Whenever I go into my neighborhood Caribou store they hand me the receipt and invite me to save $1 and take the survey. They’re nice people and I would like to compliment my “coffee crew” but until today I haven’t bothered. Hey, it’s just not high on my list of priorities. But today the receipt landed on my desk and customer surveys are on my mind, so I logged in.
Some things we can learn from Caribou’s survey.
1. It didn’t take that long. Just a minute or two. Keep your surveys short and sweet.
2. Unless you have a reason to ask, don’t.
3. Offer a small thank-you-reward for completing the survey.
4. Keep reminding customers you want their feedback
5. Ask specific questions designed to improve performance.
In addition to asking about my overall satisfaction, Caribou asked about time in line, time waiting, overall atmostphere, attentiveness, friendliness, speed and overall value. Why? because these are things that drive overall satisfaction and that can vary widely from store-to-store, or even from shift-to-shift.
They asked about specific behaviors that are important to the customer experience. Was I greeted? Was I thanked? They also gathered simple demographic information and data about my purchase (what I bought, was it hot or cold, stuff like that).
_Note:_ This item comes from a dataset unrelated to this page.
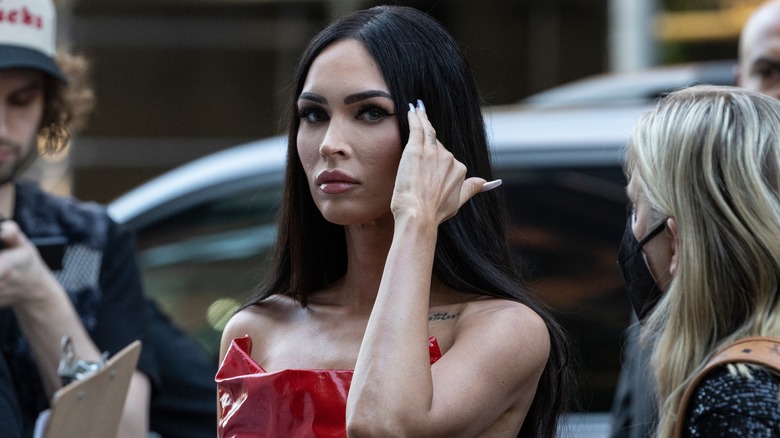 Megan Fox in abito rosso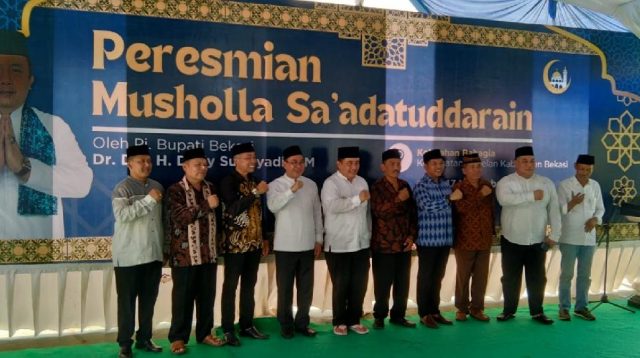 Pj Bupati Bekasi Dedy Supriyadi Meresmikan  Musolla Sa’adatuddarin di Babelan 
And the survey was store and time specific — so they know exactly who was responsible for my experience.
What aspects of your customer experience are important to the health and growth of your business?
Are you monitoring customer satisfaction based on those metrics?
Are you asking clients to evaluate the performance of staff and subcontractors who are responsible for the experience?
Design a customer survey to monitor performance. It can be paper, or you can use a simple tool like Survey Monkey. Build the survey into your sales process and your customer experience. And don’t forget — keep asking people to take your survey and eventually – they might.